Foment also came to English from Latin, from fomentum meaning “compress” (“a folded cloth”) and ultimately from fovēre, meaning “to heat” or “to soothe.” Its original meaning in English was “to apply a warm substance to,” and it was still in use when Noah Webster published his dictionary in 1828:

  1. To apply warm lotions to; to bathe with warm medicated liquors, or with flannel dipped in warm water.

This meaning has become obsolete. Another English word that has fovēre as its ultimate Latin root is fomite, “an object that may be contaminated with infectious organisms and serve in their transmission,” which comes from the Latin word meaning “kindling wood,” conveying the idea that contact with microscopic contamination can lead to the “fire” or spread of disease—a similar image, if you think about it, to the “fire” or “heat” of ideas that can ferment into a state of agitation.

Modern Use of 'Foment'

Today, we use foment with the meaning “to promote the growth or development of,” a synonym of rouse and incite as in “to foment a rebellion.”

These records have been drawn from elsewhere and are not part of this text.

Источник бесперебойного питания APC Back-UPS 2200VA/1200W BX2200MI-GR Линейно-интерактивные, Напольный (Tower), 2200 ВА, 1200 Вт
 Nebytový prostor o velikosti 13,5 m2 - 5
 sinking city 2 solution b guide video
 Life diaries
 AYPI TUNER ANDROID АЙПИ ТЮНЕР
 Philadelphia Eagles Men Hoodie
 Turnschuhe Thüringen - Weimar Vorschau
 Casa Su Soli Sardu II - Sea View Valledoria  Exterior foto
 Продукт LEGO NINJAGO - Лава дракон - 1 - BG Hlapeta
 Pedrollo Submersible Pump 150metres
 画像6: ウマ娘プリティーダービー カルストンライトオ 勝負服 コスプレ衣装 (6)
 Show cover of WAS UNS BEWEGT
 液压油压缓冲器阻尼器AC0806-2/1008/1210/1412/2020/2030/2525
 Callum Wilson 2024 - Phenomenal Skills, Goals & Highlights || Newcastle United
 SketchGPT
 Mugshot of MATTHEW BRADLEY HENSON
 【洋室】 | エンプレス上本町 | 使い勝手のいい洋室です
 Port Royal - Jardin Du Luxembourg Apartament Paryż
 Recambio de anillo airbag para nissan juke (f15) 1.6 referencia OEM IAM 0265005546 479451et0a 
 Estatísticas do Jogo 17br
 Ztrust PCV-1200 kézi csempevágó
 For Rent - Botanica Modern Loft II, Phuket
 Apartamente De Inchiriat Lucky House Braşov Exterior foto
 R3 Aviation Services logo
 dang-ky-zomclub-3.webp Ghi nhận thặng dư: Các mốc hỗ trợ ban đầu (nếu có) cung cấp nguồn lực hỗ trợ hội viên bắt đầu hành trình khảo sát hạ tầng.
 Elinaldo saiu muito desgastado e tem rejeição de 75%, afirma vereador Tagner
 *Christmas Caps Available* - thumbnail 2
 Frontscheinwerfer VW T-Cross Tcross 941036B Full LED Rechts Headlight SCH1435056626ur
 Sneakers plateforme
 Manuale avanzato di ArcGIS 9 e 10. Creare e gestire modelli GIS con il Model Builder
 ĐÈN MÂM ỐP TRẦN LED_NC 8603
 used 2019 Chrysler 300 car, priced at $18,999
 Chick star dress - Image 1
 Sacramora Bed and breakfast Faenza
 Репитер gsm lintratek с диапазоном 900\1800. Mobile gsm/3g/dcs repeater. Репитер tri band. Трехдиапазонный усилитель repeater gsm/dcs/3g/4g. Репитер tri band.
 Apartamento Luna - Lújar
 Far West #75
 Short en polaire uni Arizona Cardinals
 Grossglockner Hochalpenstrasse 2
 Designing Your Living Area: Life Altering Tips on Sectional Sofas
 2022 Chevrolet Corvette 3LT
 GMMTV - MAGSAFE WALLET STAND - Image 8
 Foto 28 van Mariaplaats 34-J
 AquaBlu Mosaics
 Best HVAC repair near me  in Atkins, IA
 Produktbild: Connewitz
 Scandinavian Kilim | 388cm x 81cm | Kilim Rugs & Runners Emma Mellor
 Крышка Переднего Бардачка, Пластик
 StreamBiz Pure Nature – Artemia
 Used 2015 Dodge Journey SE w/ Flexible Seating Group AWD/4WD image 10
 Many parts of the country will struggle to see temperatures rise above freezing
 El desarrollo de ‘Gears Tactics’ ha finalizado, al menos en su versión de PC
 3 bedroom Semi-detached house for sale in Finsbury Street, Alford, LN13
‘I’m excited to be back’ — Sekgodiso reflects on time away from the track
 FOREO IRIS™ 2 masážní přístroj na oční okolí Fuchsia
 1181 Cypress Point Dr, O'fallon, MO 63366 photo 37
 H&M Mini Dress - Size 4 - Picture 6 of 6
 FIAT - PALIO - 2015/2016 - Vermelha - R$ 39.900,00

Having failed last year to address the danger that Trump represents, the Party bears responsibility for Trump this year being in a position to foment insurrection.
— Jelani Cobb, The New Yorker, 8 January 2021

This meaning is also close to inflame and, indeed, this is where foment intersects with the figurative use of ferment as well. It expresses distress, concerns, or ideas that are unsettled and impel action or change, a synonym of “to agitate" or "to excite.” Joe Biden used ferment in this way, adding it to a similar figurative use of brew that shows that English has turned the chemical changes that make beer and wine and liquor into potent metaphors:

When you have income inequality as large as we have in the United States today, it brews and ferments political discord and basic revolution.
— Joe Biden, 19 June 2019

In fact, foment is listed as a synonym of ferment in this sense, so these words, whose superficial resemblance to each other is just a coincidence, can nevertheless both express ideas that create more heat than light.